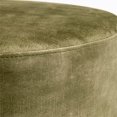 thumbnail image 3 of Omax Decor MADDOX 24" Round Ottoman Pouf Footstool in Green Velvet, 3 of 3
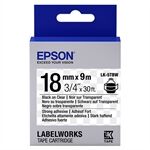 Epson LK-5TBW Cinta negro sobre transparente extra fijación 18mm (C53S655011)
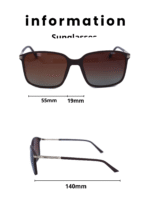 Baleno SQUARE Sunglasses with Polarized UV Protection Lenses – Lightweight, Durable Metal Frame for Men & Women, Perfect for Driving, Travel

==

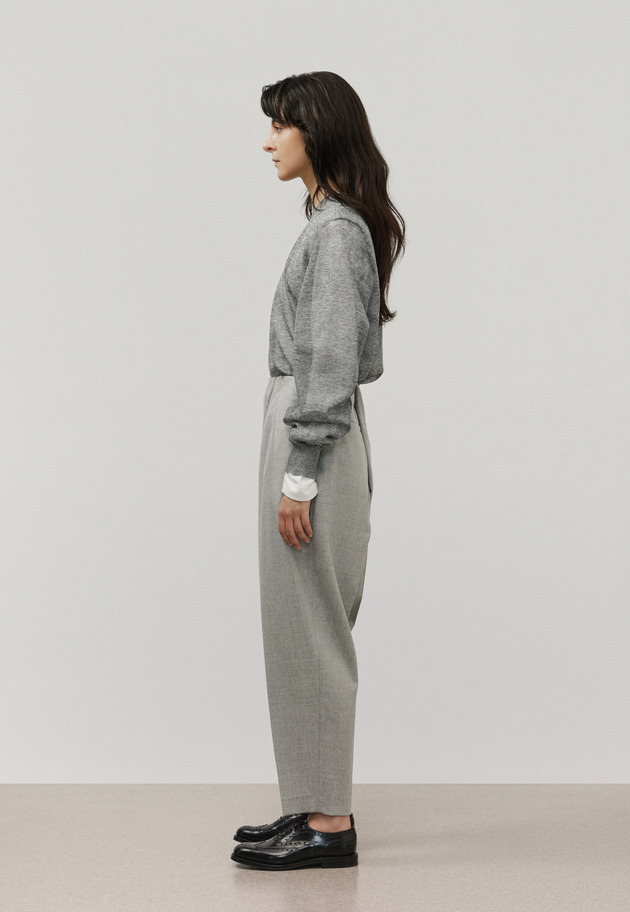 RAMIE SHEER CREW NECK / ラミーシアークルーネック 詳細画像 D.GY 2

__Exercise__. Copy exactly, without pictures, the lines above from the one with "Epson LK-5TBW Cinta" down to the one with "Baleno SQUARE Sunglasses", inclusive.

__Output for this task__.
 Epson LK-5TBW Cinta negro sobre transparente extra fijación 18mm (C53S655011)
 Baleno SQUARE Sunglasses with Polarized UV Protection Lenses – Lightweight, Durable Metal Frame for Men & Women, Perfect for Driving, Travel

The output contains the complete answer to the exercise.